Completing our series looking at what Bowden could have accomplished had he committed to rebuilding on day 1 and executed it well, we pick up with the 05-06 off season, continuing with our strategy of rebuilding with a commitment to youth.
2006 transactions
--Do not acquire Alfonso Soriano for Armando Galarraga, Brad Wilkerson, and Terrmel Sledge. "What????!!!???" you say. I say, "We're rebuilding, people. No one-year rentals need apply, especially not when the asking price includes a pitching prospect." And it's just not smart for teams as cash-strapped as the '06 Nats to spend $10m to get to 72 wins. Again, the strategy should be to get as many young, cheap prospects as possible so that we can contend by 2008. The goal is NOT to just keep bouncing between 70 and 80 wins forever.
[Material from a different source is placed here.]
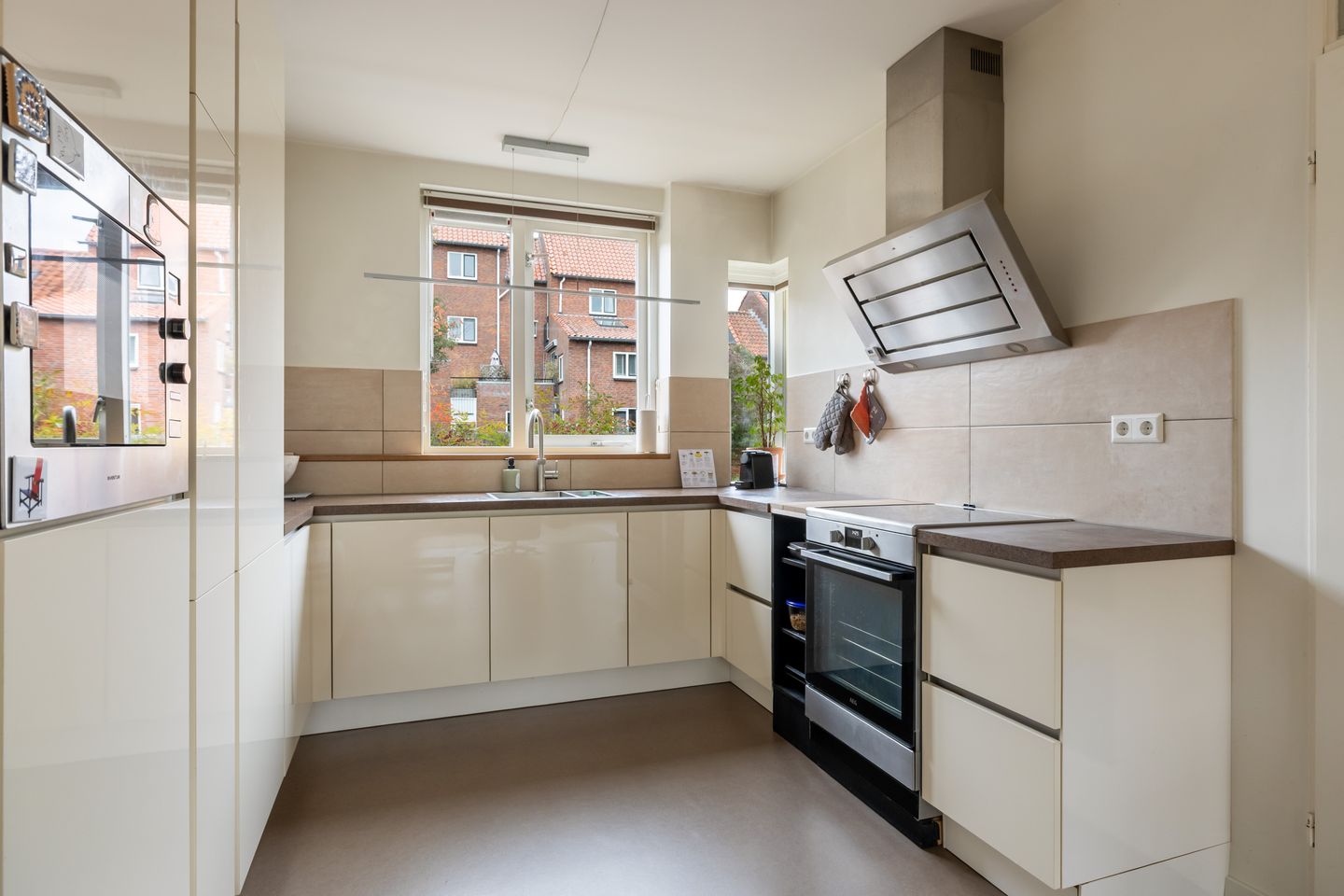 Foto 14 van Polderbaan 17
--Trade Chad Cordero: Chief is one of our better trading chips and should have been traded at his peak value coming off his 2005 all-star year. It's impossible to know what we would have gotten, but let's assume that we flip him for some prospects that have some value, not Reds retreads.
--Trade Wilkerson for prospects. I do like the idea of getting rid of Wilkerson and his $4m salary, but only for prospects. Really, we'd have been better off dealing him in the 2004-05 off season when he was coming off his career year in '04, but the more important point is that we shouldn't be squandering one of our best trading assets to acquire one year of Soriano. Granted, Soriano turned into two compensatory picks, but even if those picks (Jordan Zimmermann and Josh Smoker) pan out, they are even now a couple years away, and that delay makes a difference.
--Do not allow Darrell Rasner to be claimed off waivers by the New York Yankees in order to make room for Matt LeCroy. (See the pattern here? Bowden is not prioritizing youth, pitching, or young pitching.)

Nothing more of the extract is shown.